Loan Data Exploration

Dataset

This data set contains 113,937 loans with 81 variables on each loan, including loan amount, borrower rate (or interest rate), current loan status, borrower income, and many others. This data dictionary explains the variables in the data set. The project objective is not expected to explore all of the variables in the dataset! But focus on only exploration on about 10-15 of them.

Summary of Findings

•LoanStatus of all Borrowers are with current and completed state •EmploymentStatus of all Borrowers are with Employed State •Majority of the loan applicants are from 50K to 75K range with emloyeed status •The distribution of monthly income of applicants is a right skewed because there will be few applicants with high salary. •Applicants with incomerange of 50K to 75K range have their prosper rating falling under AA, A, B and C •LoanStatus with current and completed have own homes when they applied for loans •The monthly income of borrowers are having higher values for employed, other and full time employment status with the prosper rating of AA, A and B •We observe that without homeowner tend to have a higher interest rate, and thus lower rating.However homeowner tends to have lower interest rate and higher rating. So we can safely say that homeowner is safest bet when gving a loan. We can also clearly observe that HR prosper rating applicants have higher interest rates

Key Insights for Presentation

For the presentation, I focused mainly with the features that are impactful for approval of loanstatus I start by looking at the distrbuiton of each and every numeric and categorical variables and did all the necessary univariate, bivariate and mulitvariate analysis on the selected varaibles.
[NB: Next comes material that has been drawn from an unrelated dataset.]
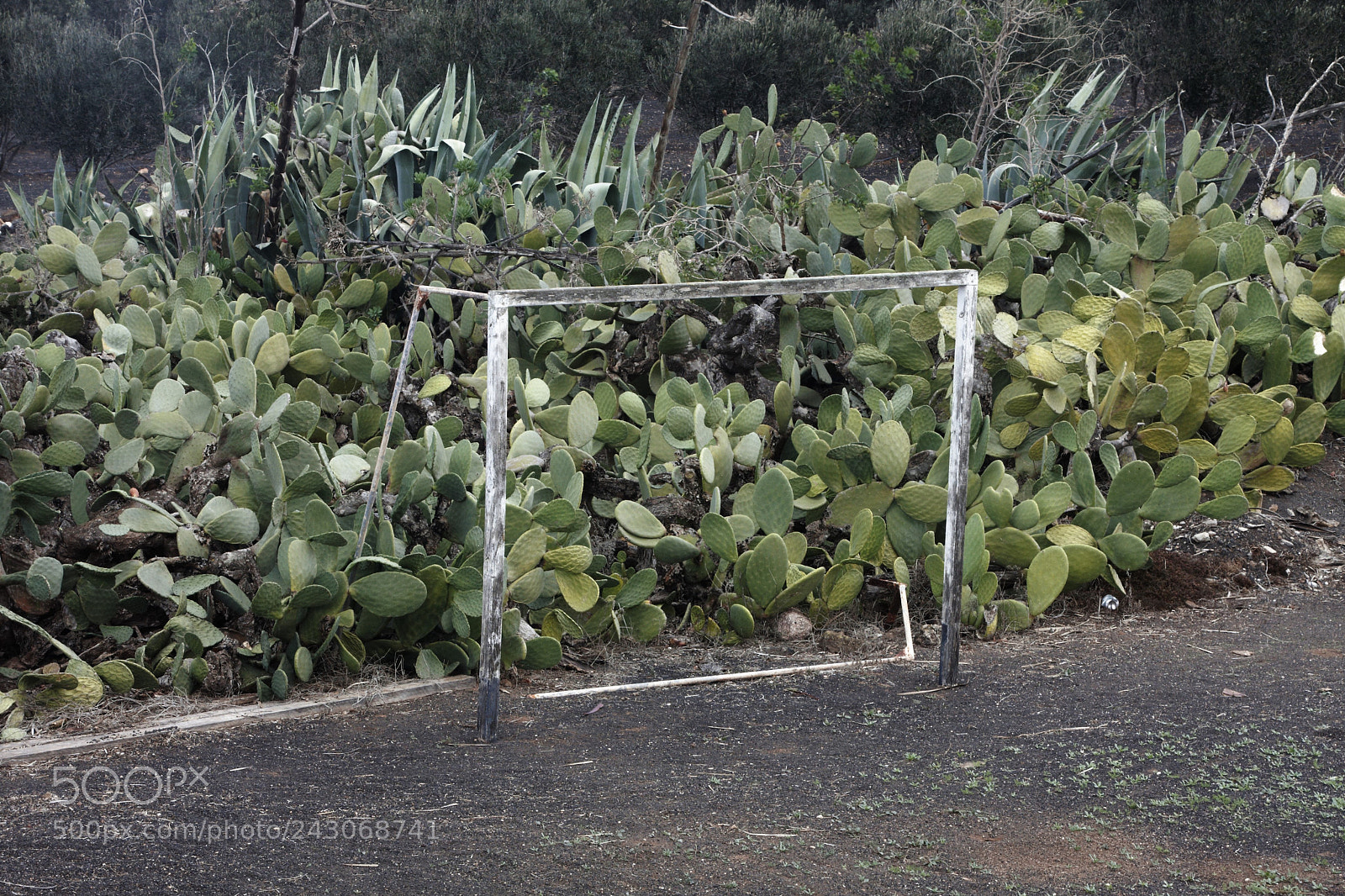 Canon EOS 40D sample photo. Best goalkeeper photography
The major insights obtained are :

•LoanStatus of all Borrowers are with current and completed state •EmploymentStatus of all Borrowers are with Employed State •Top IncomeRange of all Borrowers are within $50,000-74,999 •Majority of the borrowers are with an occupation of Professional and Executive •Majority of the borrowers are with a rating or score from 4 to 8 •The borrowers rate follow an approximately unimodal distribution, with the peak around 0.16. •The origination amount of the loan is interesting. Here we see that the distribution is a right skewed with multiple peaks observed at 4000 USD, 10000 USD and 15000 USD. •Loan original amount and monthly loan payment is highly correlated and it is expected and borrowers interest rate and proper score are highly correlated(-vely), Borrower interest rate and loanamount are -vely correlated.

To conclude this analysis , I say that the loan approval status is heavily dependent on the applicant's information on IncomeRange, Homeownerstatus and employment status.